Un scénario attendu – cousu de fil blanc
Dans le peau de l’héroïne, nous retrouvons Amandla Stenberg alias « Ruby Daly », une afro-américaine bien tendance. Elle à la chance d’être parmi les plus dangereuses, une « orange ». Grâce à son pouvoir, elle parvient à tromper la vigilance tant des médecins que des gardiens. Elle survit tant bien que mal dans ce milieu angoissant, se faisant passer pour une gentille verte, presque inoffensive. Finalement, elle fait la rencontre d’une aide salvatrice, Mandy Moore, Dr. Cate Connor qui lui propose de l’aider à sortir de cette prison à ciel ouvert, mais bien réelle. Chose faite, la jeune prodige, loin d’être un modèle de fidélité, s’échappe.
Elle rejoint un groupe d’enfants en fuite. Comme elle, ils possèdent, à des degrés différents, des pouvoirs magiques. Capables de déraciner des arbres ou encore de faire passer le courant un peu partout, la fine équipe est à la recherche de La Mecque des enfants maléfiques : le village des évadés. Sorte de camping écologiste, basée sur la permaculture, la vie dans des tentes et des soirées disco. Un Nuit debout sur fond de guerre civile. Un endroit rendu désirable par la situation de leur monde, c’est dire. Sur leur chemin, ils croisent la route de chasseurs de primes, de la Dr. Cate Connor et son mari et d’autres hostiles créatures. Rien n’y fait, rien ne les arrêtera, ils finissent par parvenir à l’Oasis. Rien n’est bien crédible, le monde semble tantôt terriblement inamical puis, terriblement léger. Plus rien ne fonctionne, sauf les pompes à essence, les supermarchés et les routes. Pas une seconde la réussite de leur mission est remise en question dans l’esprit du spectacteur.

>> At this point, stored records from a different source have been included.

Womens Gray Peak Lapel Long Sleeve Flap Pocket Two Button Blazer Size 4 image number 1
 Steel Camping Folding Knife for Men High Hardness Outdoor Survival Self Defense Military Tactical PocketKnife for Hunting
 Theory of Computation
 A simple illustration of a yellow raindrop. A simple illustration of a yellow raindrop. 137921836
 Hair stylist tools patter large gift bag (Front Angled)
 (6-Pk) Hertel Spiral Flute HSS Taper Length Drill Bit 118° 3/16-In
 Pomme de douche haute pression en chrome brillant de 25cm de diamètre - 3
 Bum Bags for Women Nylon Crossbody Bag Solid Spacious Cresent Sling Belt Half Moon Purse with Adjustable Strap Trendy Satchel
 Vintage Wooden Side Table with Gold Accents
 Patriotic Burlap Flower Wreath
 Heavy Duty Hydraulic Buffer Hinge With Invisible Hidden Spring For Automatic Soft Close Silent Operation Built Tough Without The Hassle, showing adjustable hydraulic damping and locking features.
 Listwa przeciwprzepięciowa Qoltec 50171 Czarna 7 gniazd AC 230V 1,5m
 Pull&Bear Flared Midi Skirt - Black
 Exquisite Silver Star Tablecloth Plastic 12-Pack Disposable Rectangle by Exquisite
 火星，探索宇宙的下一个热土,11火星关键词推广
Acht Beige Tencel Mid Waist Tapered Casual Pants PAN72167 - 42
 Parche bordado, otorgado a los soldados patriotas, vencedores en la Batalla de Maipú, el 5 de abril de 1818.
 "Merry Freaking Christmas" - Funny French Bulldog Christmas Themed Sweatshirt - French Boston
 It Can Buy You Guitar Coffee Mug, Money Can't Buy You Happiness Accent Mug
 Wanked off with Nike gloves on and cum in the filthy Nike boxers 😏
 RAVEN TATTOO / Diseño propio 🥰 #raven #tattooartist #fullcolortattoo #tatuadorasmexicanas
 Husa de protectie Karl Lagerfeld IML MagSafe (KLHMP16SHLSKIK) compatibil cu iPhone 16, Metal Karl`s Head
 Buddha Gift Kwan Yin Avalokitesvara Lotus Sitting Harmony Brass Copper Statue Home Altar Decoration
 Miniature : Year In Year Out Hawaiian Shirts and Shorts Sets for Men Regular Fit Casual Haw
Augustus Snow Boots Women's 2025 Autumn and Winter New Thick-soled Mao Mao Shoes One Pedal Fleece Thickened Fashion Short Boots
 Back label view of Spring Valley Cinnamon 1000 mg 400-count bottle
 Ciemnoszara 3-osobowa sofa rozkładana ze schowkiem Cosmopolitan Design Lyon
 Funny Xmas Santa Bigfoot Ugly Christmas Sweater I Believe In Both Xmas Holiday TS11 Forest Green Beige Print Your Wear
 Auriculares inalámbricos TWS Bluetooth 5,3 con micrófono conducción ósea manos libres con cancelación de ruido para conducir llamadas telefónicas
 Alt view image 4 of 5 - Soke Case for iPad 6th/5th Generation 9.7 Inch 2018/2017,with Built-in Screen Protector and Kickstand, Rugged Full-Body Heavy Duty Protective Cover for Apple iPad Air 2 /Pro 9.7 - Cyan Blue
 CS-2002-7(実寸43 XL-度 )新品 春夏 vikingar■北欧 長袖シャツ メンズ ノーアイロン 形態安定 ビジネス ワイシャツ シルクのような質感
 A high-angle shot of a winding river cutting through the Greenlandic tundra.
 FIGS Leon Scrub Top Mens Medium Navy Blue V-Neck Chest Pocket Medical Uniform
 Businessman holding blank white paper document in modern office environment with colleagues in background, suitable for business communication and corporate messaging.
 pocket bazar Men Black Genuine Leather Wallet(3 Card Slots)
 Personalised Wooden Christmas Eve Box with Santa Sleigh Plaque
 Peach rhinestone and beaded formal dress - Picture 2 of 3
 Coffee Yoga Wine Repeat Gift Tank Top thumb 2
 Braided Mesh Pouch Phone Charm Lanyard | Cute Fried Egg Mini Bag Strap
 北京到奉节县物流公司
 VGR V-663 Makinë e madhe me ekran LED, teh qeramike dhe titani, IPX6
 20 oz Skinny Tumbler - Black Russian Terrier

L’entier n’est que succession de banalités, tant comportementales, que ce soit sur le plan amical ou affectif, que langagières. Entre les « peu importe les différences, je t’apprécie comme tu es » et autres « nous sommes une famille », on peine rapidement à prendre au sérieux cette épopée grotesque. Au final, l’impression d’assister à une vulgaire compilation d’un casting marketing outrancier ne quitte jamais le pauvre spectateur. Rajoutez-y les excès des scènes amoureuses, d’un caricatural, et vous arrivez à la conclusion qu’il est possible, au minimum, de mieux faire. Et surtout, que vous avez mieux à faire.